In 1.12, --publish of docker service will expose a “Swarm port” on all hosts for that service. This “Swarm port” is a port which gets NATed to a Virtual IP address for each service “task” (container, in this case) using the Linux kernel’s built-in load balancing functionality, IPVS. This is a OSI Layer 4 load balancing functionality, so it is directly at the TCP/UDP level and you might notice that some stalwarts such as ping don’t work with it out of the box. However, IPVS is very fast.
For this initial release, higher level features such as HTTP load balancing and direct sticky session support are unlikely to be included in the Docker daemon’s load balancing duties (there’s just only so many hours in the day and the maintainers are trying to ensure orchestrator stability first and foremost before adding new features). Even if requested they are not necessarily going to be added since the feature line has to be drawn somewhere.

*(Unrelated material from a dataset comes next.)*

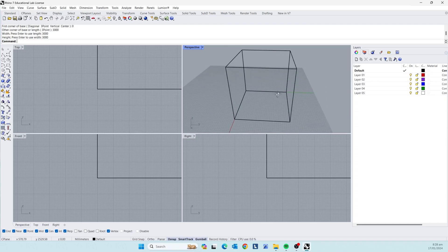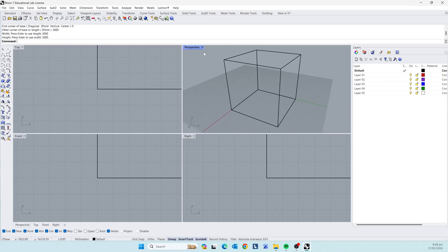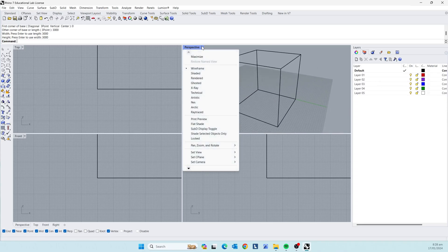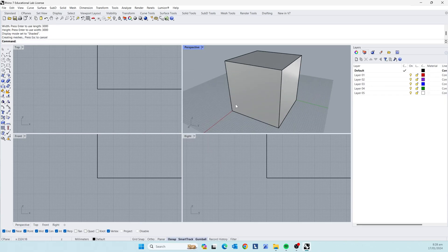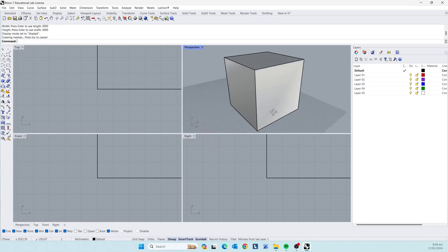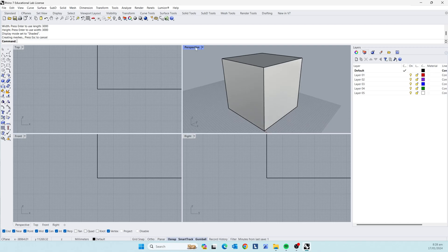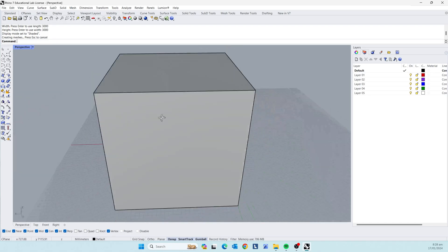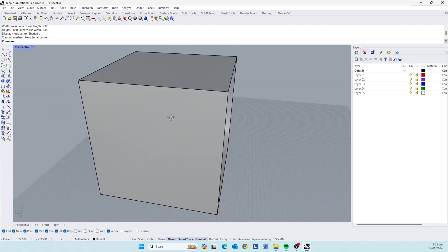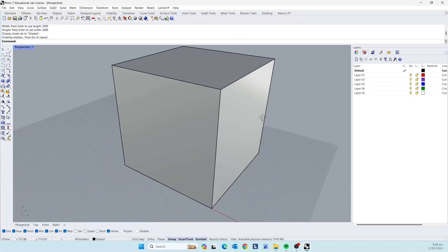So now we have a box, but you can see through it. So we're going to change our viewport mode to rendering. And now you can't see through it. If you double click on perspective, it's going to open up a little bit larger.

So, you will need to still use your traditional L7 load balancers such as HAProxy for some higher-level configuration, at least for now – but, bear in mind that the Docker maintainers are very concerned about quality of user experience and would consider proposals to expose higher level functionality directly in Docker if desired. FWIW, in the Docker for AWS and Azure projects we are also working towards making easy direct integration with those cloud’s LBs possible.

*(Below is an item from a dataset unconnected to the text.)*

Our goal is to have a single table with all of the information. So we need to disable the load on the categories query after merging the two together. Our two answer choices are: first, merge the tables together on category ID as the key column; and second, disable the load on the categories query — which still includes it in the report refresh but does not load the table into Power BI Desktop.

The nice thing about the newest stuff is that even if you have to run your own HAProxy docker service for SSL termination, etc. configuring it can potentially be far simpler than before. If your HAproxy service instance is on an overlay network with the service(s) that it is directing requests to, you can simply point towards the DNS entry corresponding to that service, and the built-in IPVS load balancing will LB requests to to that service’s component containers automatically. Therefore, instead of having to do something like generate the proxy configuration dynamically and reload the load balancer daemon every single time an individual container changes or is added, Docker manages the lifecycle of the network and load balancing from container-to-container. This won’t help with every single use case but will help with some.